Em muitos países asiáticos o inglês é a segunda língua oficial, quando não a primeira. Assumir que a população não percebe inglês ou que escrevem tudo com rabiscos, é simplesmente ignorante. Há sotaques, claro. O sotaque indiano pode ser difícil de entender no início. Mas quem nunca teve encontros com a pronúncia do norte (canalizo Rui Reininho para dizer que os tontos chamam-lhe torpe) ou com o sotaque algarvio? Sapatilhas ou Ténis? Fino ou Imperial? Açorda ou Migas?
A Ásia concentra 60% da população mundial. Em tamanho, ocupa 9% da superfície total do planeta. Certamente podemos fazer melhor do que reduzir a Ásia a mitos.
Apesar de gostar do que escreveu e da forma como escreveu, a Ásia não é um país nem sequer um continente. Na realidade, por definição existe apenas um continente que se chama Eurásia, pois não existe fronteira geográfica entre um subcontinente e o outro, tal como acontece com o continente americano em que existe o sul e o norte e o central.
Quem acha que a Ásia é a China, ou esteve sempre fechado numa comunidade Amish na América do Norte, ou apenas vê TVI e não aprende nada para além dos programas de festas e big brothers.
Qualquer série da Netflix, qualquer programa do canal história, Odisseia, ou qualquer filme, mostra claramente que a China não é a Ásia, que o Japão não é a China. Que a Rússia e o Cazaquistão são Ásia e Europa, tal como a Moldávia e a Grécia. A Coreia do Norte e do Sul podiam ser dois continentes diferentes, de tão díspares que são as culturas, uma de um hiperealismo futurista e outra de uma ditadura retrógrada.
Dizer que «o oriente só existe por comparação com a Europa colonizadora que rumou em direção ao ‘sol nascente’» não só não quer dizer nada como é incorrecto.
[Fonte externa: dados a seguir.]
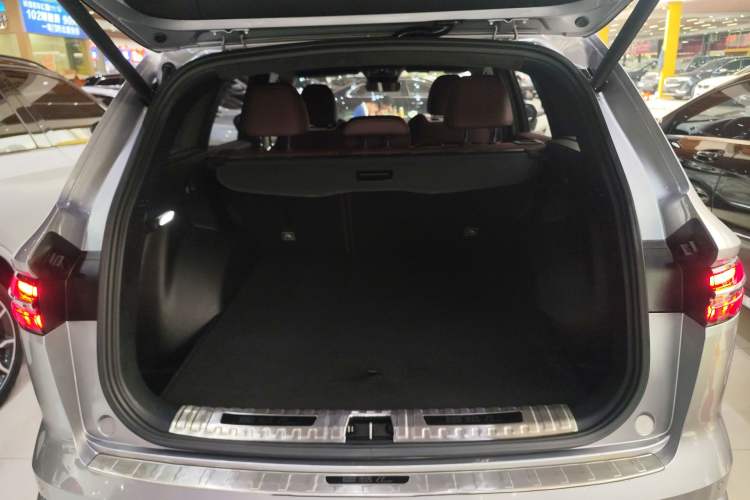 Used Geely Auto Monjaro L 2021 2.0TD DCT EVO Two-Wheel Drive Prestige Version Trunk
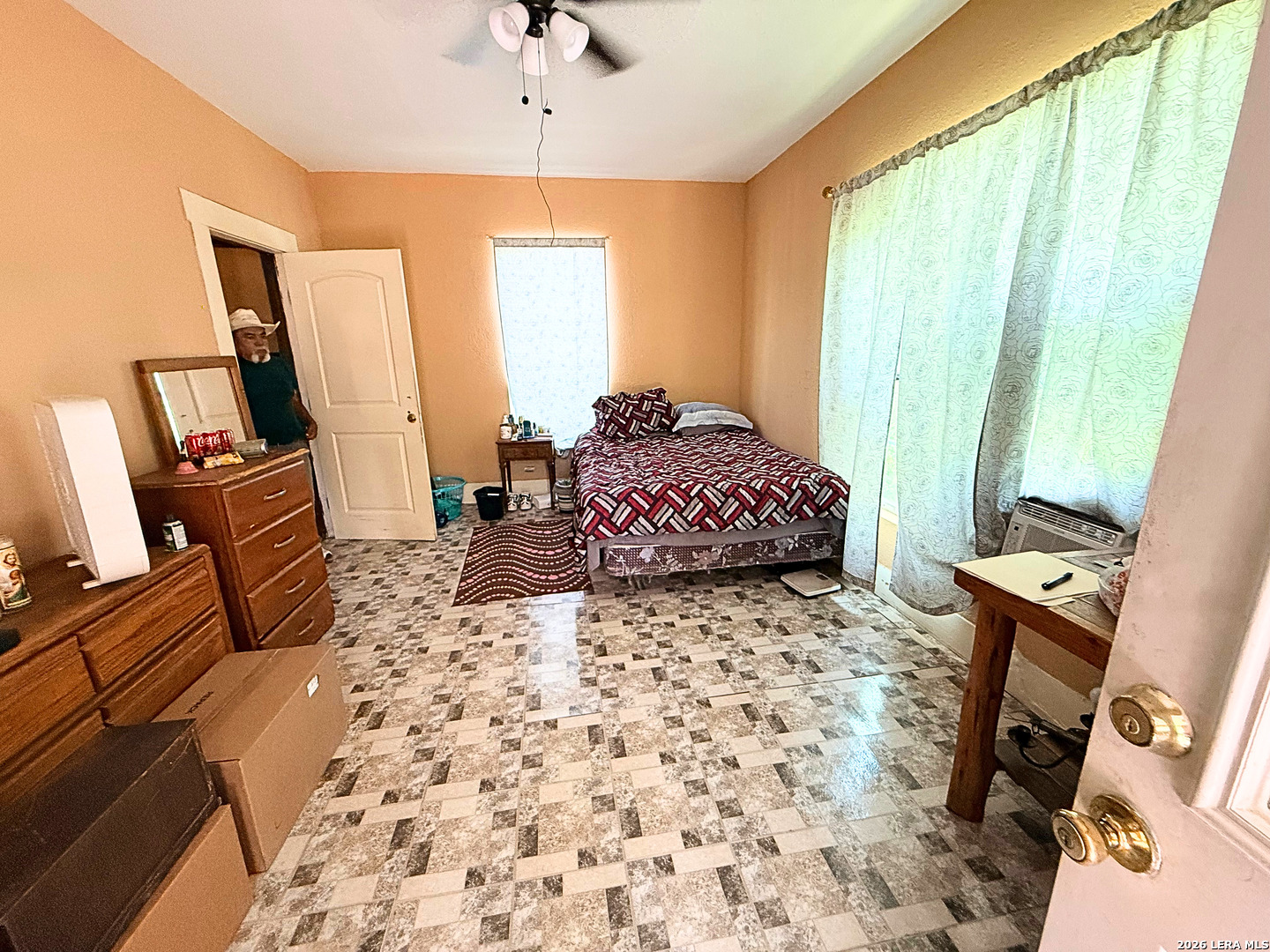 1110 W Lynwood Avenue San Antonio TX 78201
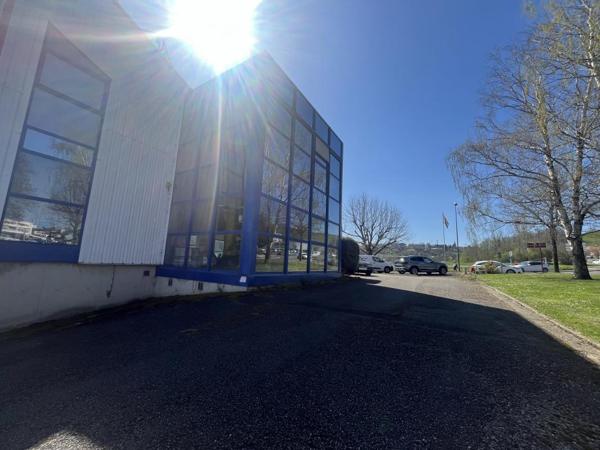 Local professionnel avec visibilité exceptionnelle + option surface supplémentaire – Rond-point de la Gineste, Rodez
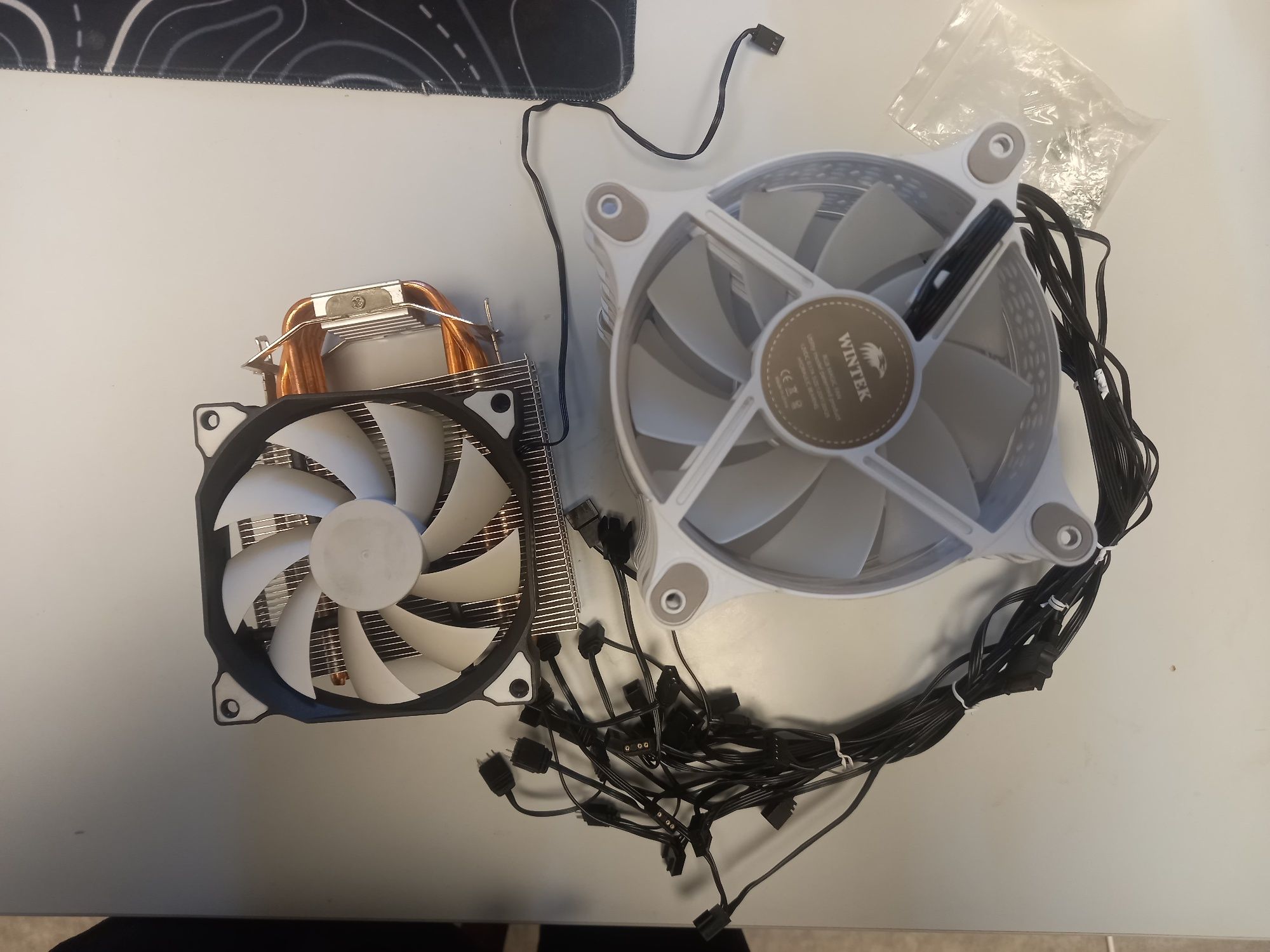Срочно продам! Процессорный кулле + 6 куллеров Wintek RGB magic fanр F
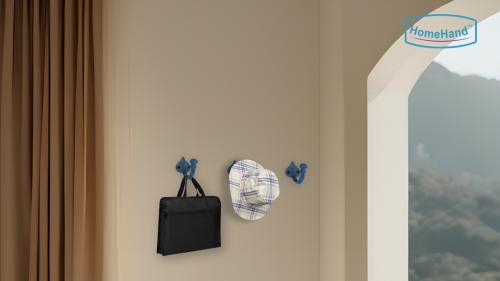 Holiday Home Wall Decoration | Coastal Charm for a Festive Touch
A Europa foi criada e conquistada aos romanos pelo hunos e godos que vieram da Ásia, mas ainda antes disso a cultura bizantina e, ainda anterior, helenística do Alexandre o Grande já tinha de certa forma orientalizado a Europa bárbara.
Mais uma vez volto a referir que compreendo de onde vem a necessidade de escrever este texto, mas o mesmo carece de explicações mais aprofundadas e, ao mesmo tempo que tenta desmitificara algo que eu não vejo no dia a dia, cria em si, outras falácias que deveriam ser evitadas.